Ash 2021 – Agios and Forma take different paths in sickle cell disease

Forma still hopes for accelerated approval of etavopivat, while Agios believes that taking its time with mitapivat will pay off.

Agios and Forma are neck and neck in a race to develop an oral pyruvate kinase R activator for sickle cell disease, but the latter is hoping to pull ahead. Despite recently admitting that the FDA needs data beyond haemoglobin response alone, Forma still believes that an accelerated approval is possible, executives at the Ash meeting told Evaluate Vantage.

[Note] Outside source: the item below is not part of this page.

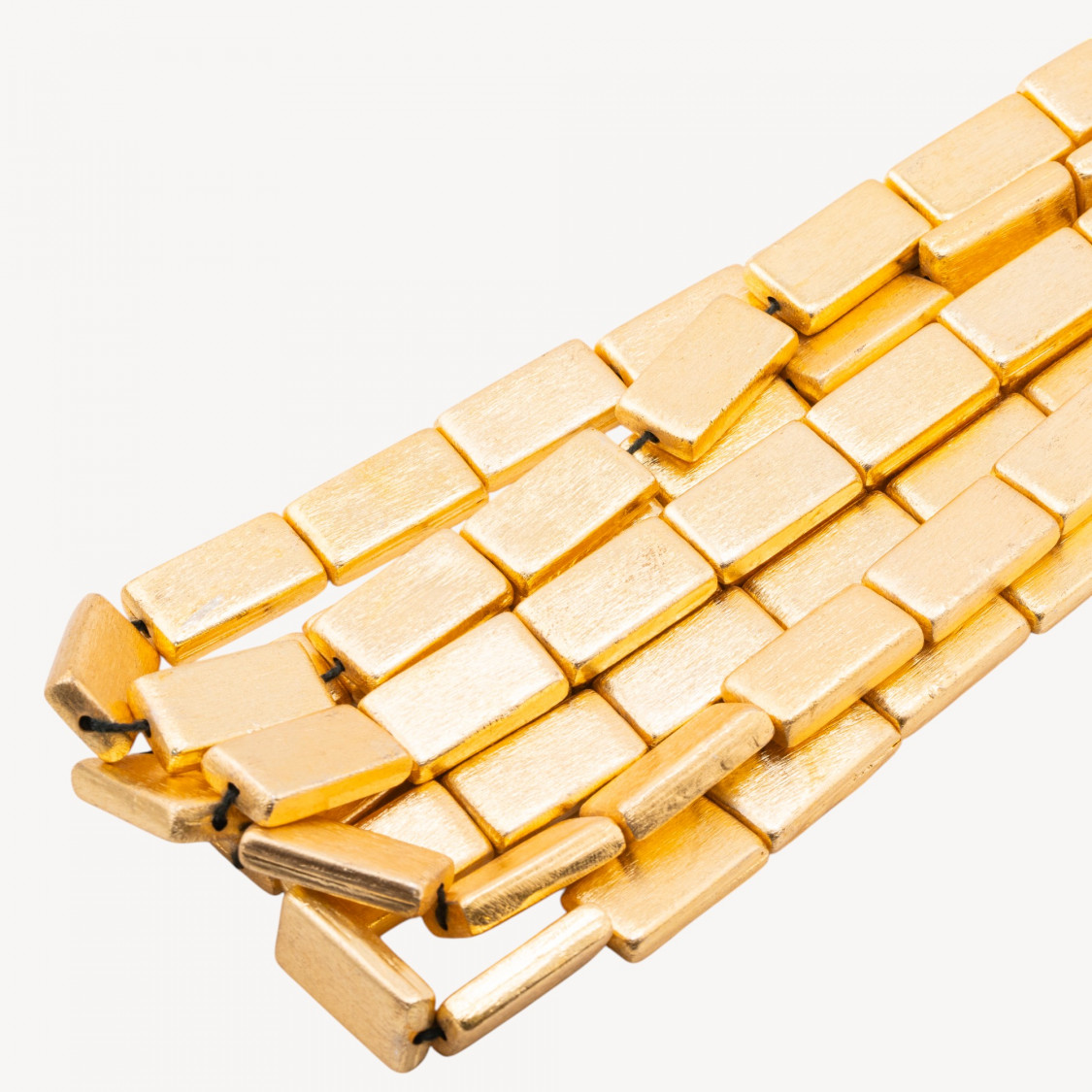 Cuentas rectangulares de bronce cepillado de 12 x 24 mm-CUENTAS DE ORO | Worldofjewel.com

Meanwhile, Agios reckons the traditional, full approval route is the way to go. And that group’s chief medical officer, Sarah Gheuens, was scathing about the notion that the FDA might allow a quick path to market. “We’re not the first drug to market that improves haemoglobin. [Global Blood’s] Oxbryta was first. Therefore, every drug that does something similar has a higher hurdle to climb.”

Oxybryta got FDA accelerated approval in 2019, after 51% of patients achieved a haemoglobin response, defined as an increase of 1g/dl or more versus baseline, in the pivotal Hope trial. A confirmatory study, Hope Kids 2, is ongoing.

Mitapivat vs etavopivat

This year’s Ash saw data from both Agios and Forma in sickle cell disease, with mitapivat and etavopivat respectively.

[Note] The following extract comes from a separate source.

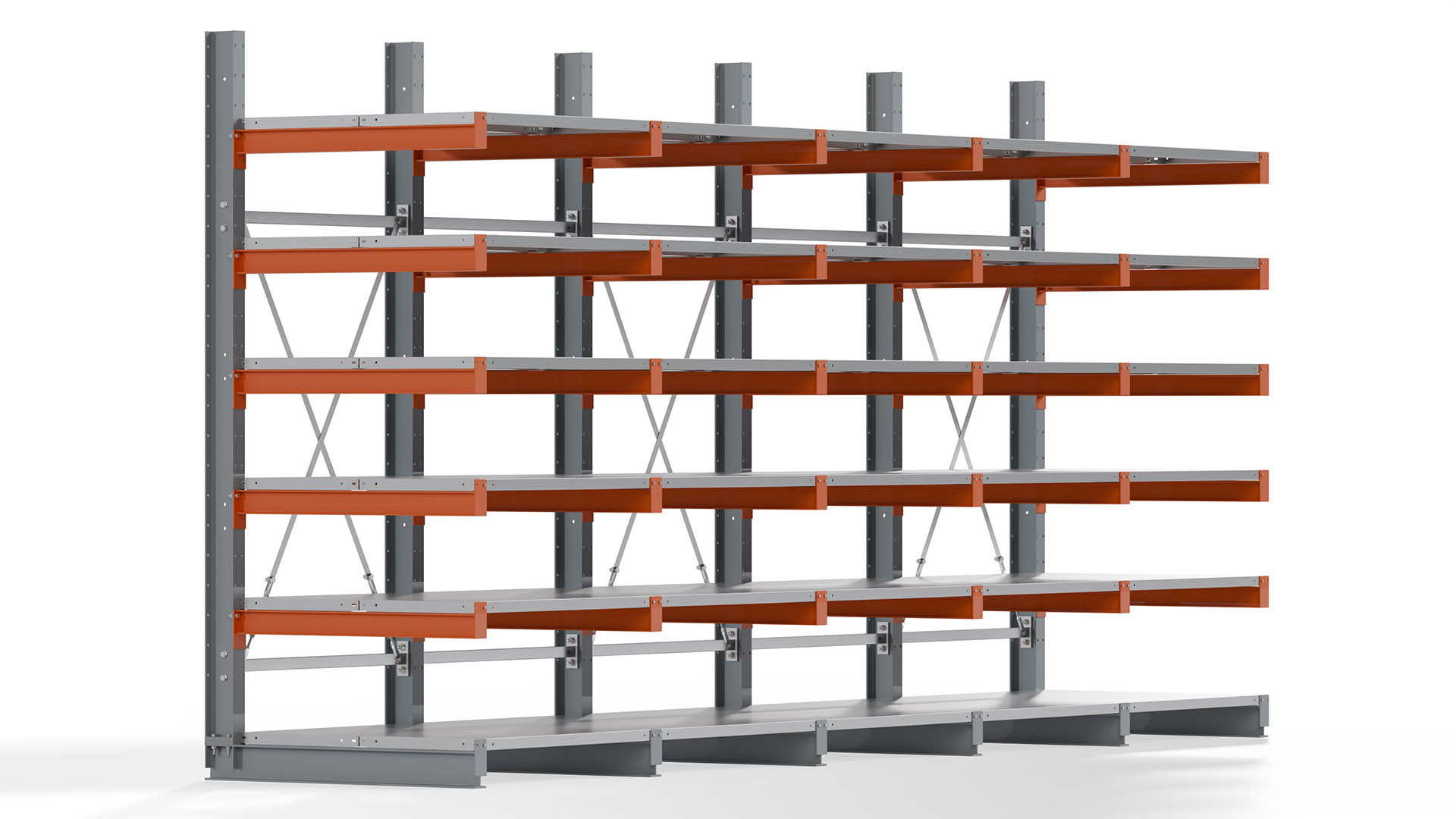 Kragarmregal KARL basic - lackiert - Breite: 500 cm - Höhe: 250 cm - Tiefe: 100 cm - Traglast je Kragarm: 450 kg - einseitig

The results largely reaffirm the conclusion drawn at Ash 2020, which featured earlier data cuts from the same studies: Forma’s compound appears to have a slight edge on efficacy, with the usual caveats about cross-trial comparisons (Ash 2020 – Forma gets an early edge over Agios in sickle cell disease, December 7, 2020).

Cross-trial comparison of PKR activators in sickle cell disease
Project Etavopivat (FT-4202; Forma) Mitapivat (Agios)
Trial Ph1 (NCT03815695), 12-wk open-label portion Ph1 (NCT04000165)*
% haemoglobin responders 73% (11/15) 56% (9/16)
Increase from baseline in Hb 1.5g/dl (mean) 1.2g/dl (mean)**
Total VOCs 3 4
On-treatment VOCs 1 2^
Haemoglobin response defined as haemoglobin increase of ≥1.0g/dl from baseline. *NIH-sponsored trial; **50mg bid dose; ^Both VOCs occurred during dose taper phase. Source: Ash & company presentations.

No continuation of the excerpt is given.